A sweet addition to my food adventures in Hong Kong is tofu pudding, called “dau fu fa” or bean curd jello. As a part of Hong Kong’s cultural heritage, tofu pudding is a simple dessert in contrast with Hong Kong’s fusion dessert trend. Tofu is a delicacy that transcends many cultures and cuisines, a simple dish that can be plated in a myriad of forms, textures and flavours. From silken to puffed, sweet or stinky, from China to Japan, Taiwan, Malaysia and beyond – this basic ingredient made from just soy beans, water and a natural coagulant has become a historic staple throughout the Asian continent. The soft tofu has a smooth and silky texture, and it can be served hot or cold, making it a delicacy for any weather.
In Hong Kong, tofu plays another important role – it’s comfort food. I’ve talked about Hong Kong’s craving for nostalgia before, but it was only after a bowl of warm dau fu fa that I saw just how much food plays a part in this culture's yearning for the past.
Hidden in the midst of Sham Shui Po’s street markets, Kung Wo has been around for a long time making soy products from scratch. They have been operating since 1958. I had the hardest time finding this place since I had no idea what it was called and barely knew my way around the area. Serving up silky smooth tofu pudding, sweet delicious soy milk and tasty tofu squares smeared with fish paste, Kung Wo is one of Hong Kong’s hidden gems. If you’re in the area, definitely hunt this hole in the wall down and enjoy a delicious bowl of tofu pudding or two.
In Hong Kong, texture is everything. and Kung Wo credits the pudding’s silkiness as the reason for its popularity. People in Hong Kong like their food as soft as jelly. In Taiwan, for example, people prefer the tofu to be harder and chewy. Both are tasty, but it’s just different. The best way to serve tofu pudding with no cracks is when the scoop is flipped in the bowl to ensure a smooth, satiny top.
In Taiwan, tofu is made using sea-water to curdle soy milk; the mineral bittern found in unrefined sea salt causes the milk to coagulate. But Kung Wo, like most Chinese and Hong Kong tofu-makers, uses diluted gypsum to make tofu, and serves her puddings plain with minimal toppings. The Taiwanese like to add red beans or pearls, and make different pudding flavours. In Hong Kong, people just like the smooth textures and light flavour, so Hong Kongers just put raw sugar or ginger syrup on top.
Kung Wo’s tofu pudding is still made by a traditional recipe. After the dried soybeans are soaked in water for up to 10 hours, they go through a milling process to extract the milk.

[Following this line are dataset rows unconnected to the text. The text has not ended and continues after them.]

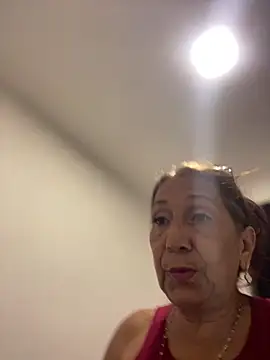 SWEET LOVER01 online show from March 2026 01:04:01 AM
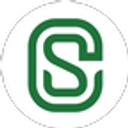 Stephen Consulting logo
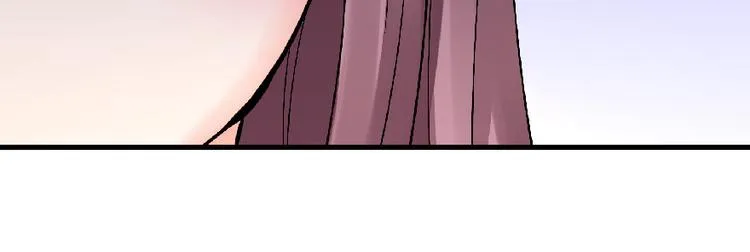 第23话 第67页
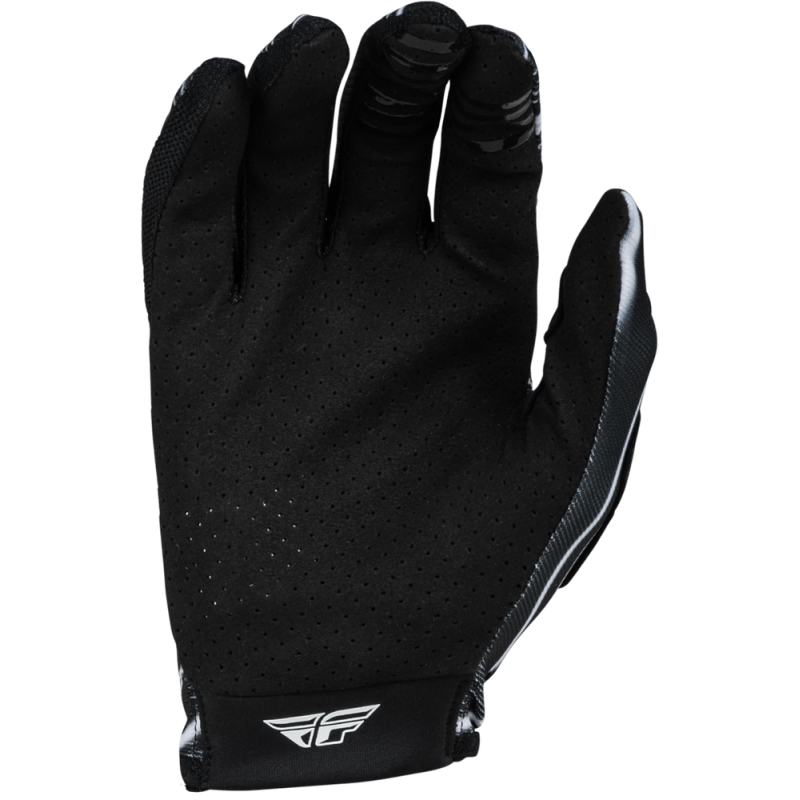Lite Warped Gloves Lite Warped Gloves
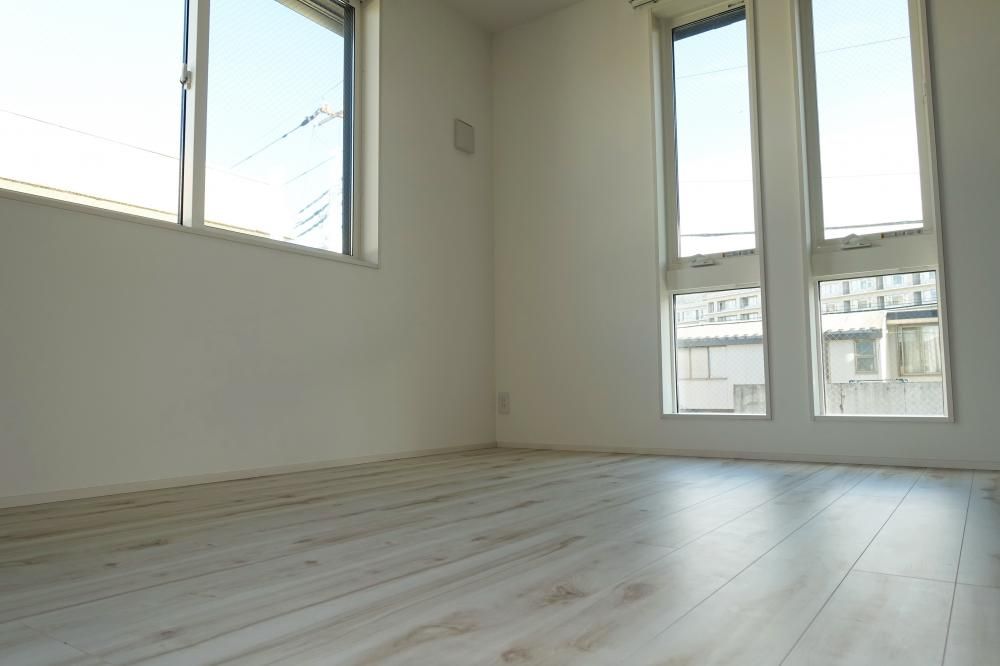 �y�Q���z�@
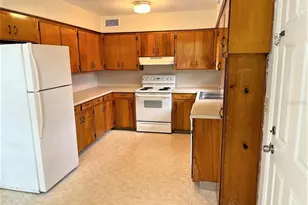 310 E Poinsettia St, Lakeland, FL 33803 - Photo 15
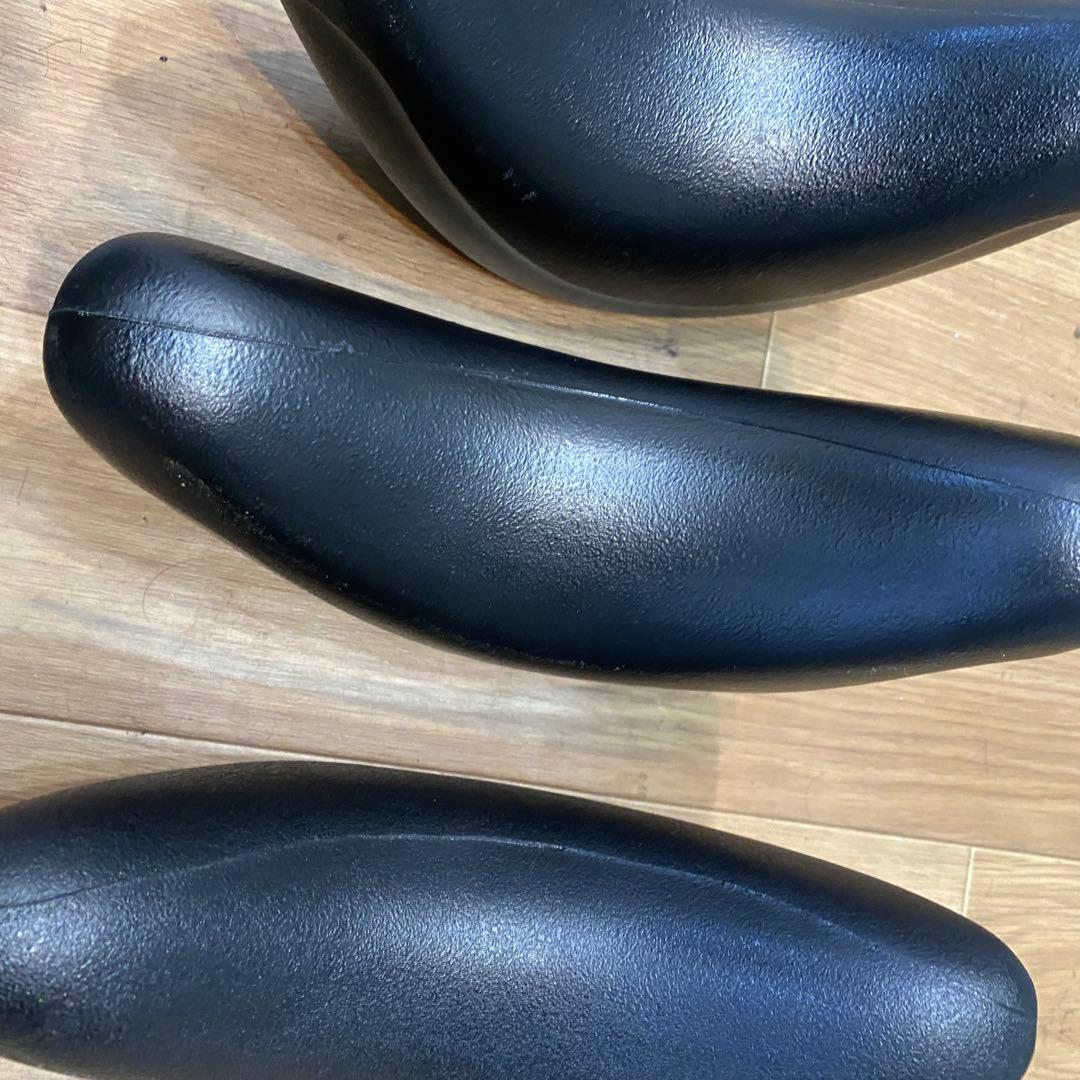 シャンプーボールクッション　NS-508】 3個セット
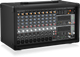 Мікшерний пульт Behringer EUROPOWER PMP2000D (4033653100588) - зображення 3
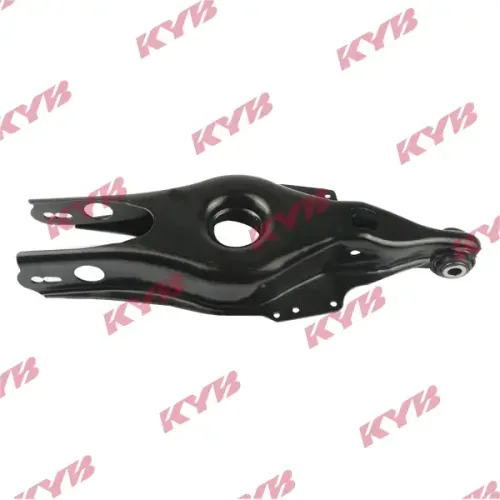 Lenker, Radaufhängung Hinterachse unten beidseitig KYB KSC6383 Bild Lenker, Radaufhängung Hinterachse unten beidseitig KYB KSC6383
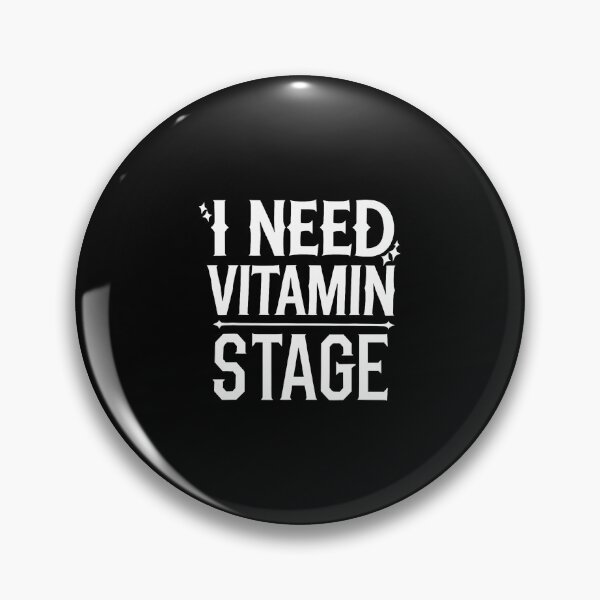 Item preview, Funny Actor Theatre designed and sold by DanielleTonia.
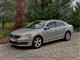 VW PASSAT, 2.5 BENZIN BEHET 100% GAZ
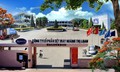 Công ty Dệt may Hoàng Thị Loan bị phạt vì vi phạm chứng khoán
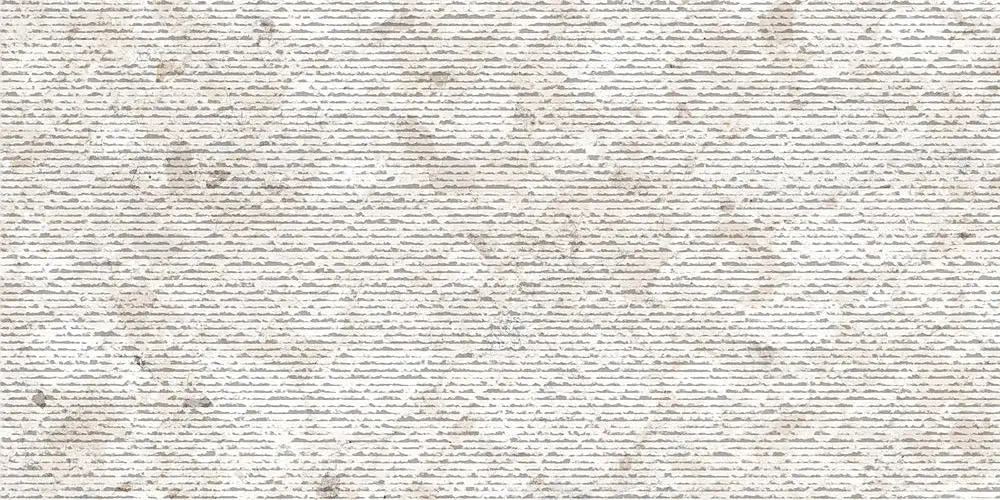 Venistone Rigato Ivory 60x120 Texturat [8]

Kung Wo uses a granite stone mill. The beans lie in-between the stones, so it is a very gentle grinding process to soften the beans and turn them to liquid. This step helps make Kung Wo's tofu pudding very smooth.
In the 1960s, Hong Kong was not a wealthy society. At that time there was no choice for dessert like cheesecake or macarons, people were happy with tofu pudding or soy bean milk because it was very local and very cheap. Now they have lots of different types of desserts to choose form, but it’s funny, people still want to find something more original.
As I sat down to take a spoonful of my tofu pudding, simply sprinkled with a layer of raw cane sugar, a couple on the table next to me told me that they were visiting from Canada but grew up in Hong Kong, and always come for a bowl of Kung Wo's tofu pudding on their visits. They said when they were little they didn't have McDonalds and having tofu pudding is the childhood memory for them. They also said it's nothing special - it's just a memory. For them it's comfort food, it’s what they love.
Tofu pudding is not just pudding, it gives people a sense of nostalgia.